Centers have different levels of responsibility, or none, for

maintaining the Zero Tolerance Policy, ensuring student safety,

and driving students in emergency or other situations. Job

descriptions for many positions in Forest Service Job Corps

Centers’ administrative staff contain no mention of these

responsibilities. And employee declarations indicate that

purchasing agents, for example, bear no responsibility for

maintaining the Zero Tolerance Policy, have never performed

CPR on students, cannot recall providing first aid to students,

and have rarely if ever driven students or staff.

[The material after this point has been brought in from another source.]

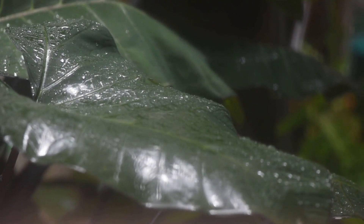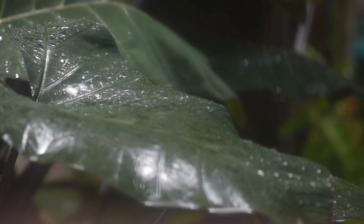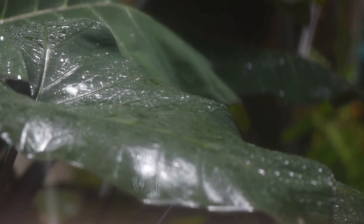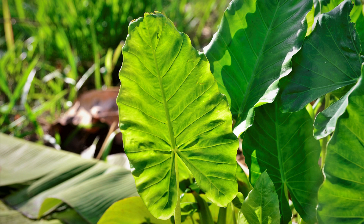But before we get into the care tips, let's get to know our plant. The Xanthosoma, or Elephant Ear, is known for its large, arrow-shaped leaves resembling — you guessed it — elephant ears. These beauties can add a touch of the tropics to your indoor or outdoor space.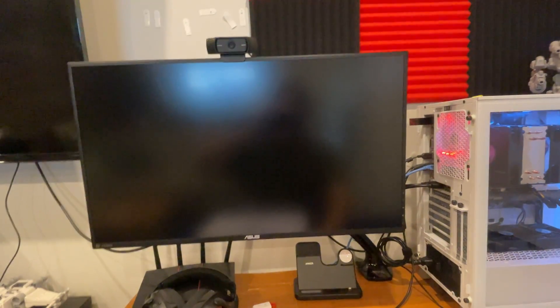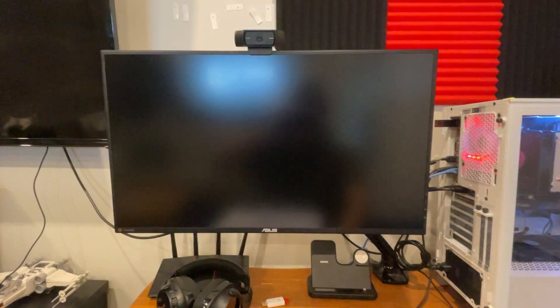I'm going to show you how to change your TPM settings in an ASUS motherboard. Spam the Delete button to get into BIOS.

Decl. of Lance

A. Hamann ¶¶ 5–8, Oct. 12, 2010; Decl. Jerry D. Case ¶¶ 4–7,

Oct. 12, 2010. Additionally, the National Director

acknowledged that not all Forest Service Job Corps Center

employees are required to have a driver’s license. See Dawson

Decl. ¶ 14. Viewing the evidence in the light most favorable to

the Union, as we must, it is not clear that the Secretary’s

description of the “nature and context” of Forest Service Job

Corps employment accurately portrays the nature and context of

all job categories, and thus it is not clear that the attendant

“operational realities” of the workplace — undeveloped in the

record — serve to diminish employees’ reasonable expectations

of privacy regardless of their positions.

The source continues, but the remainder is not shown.